Data shown:
= = =
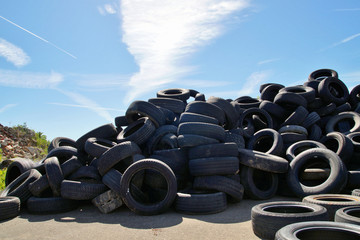 Tires Heap - Used old Tyres Many car and truck tires on dump site. Ecology background or texture...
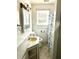 Neat bathroom featuring a white vanity with stylish fixtures, tiled floors, and a shower at 411 Maplewood Dr, Walterboro, SC 29488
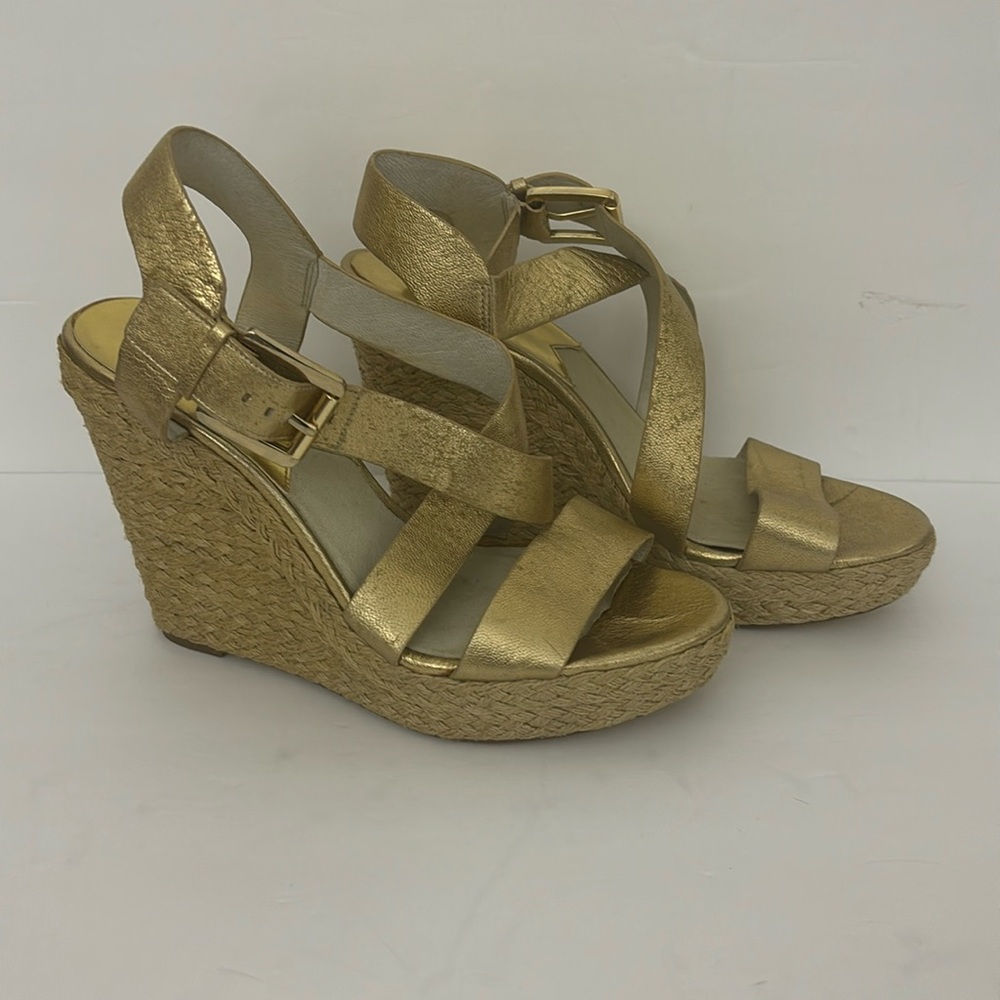 Michael kors shoes. It has a few spots you can see them in the photos. Pre-owned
= = =
Your task: Copy all the material exactly; omit images.

Completed exercise:
 Tires Heap - Used old Tyres Many car and truck tires on dump site. Ecology background or texture...
 Neat bathroom featuring a white vanity with stylish fixtures, tiled floors, and a shower at 411 Maplewood Dr, Walterboro, SC 29488
 Michael kors shoes. It has a few spots you can see them in the photos. Pre-owned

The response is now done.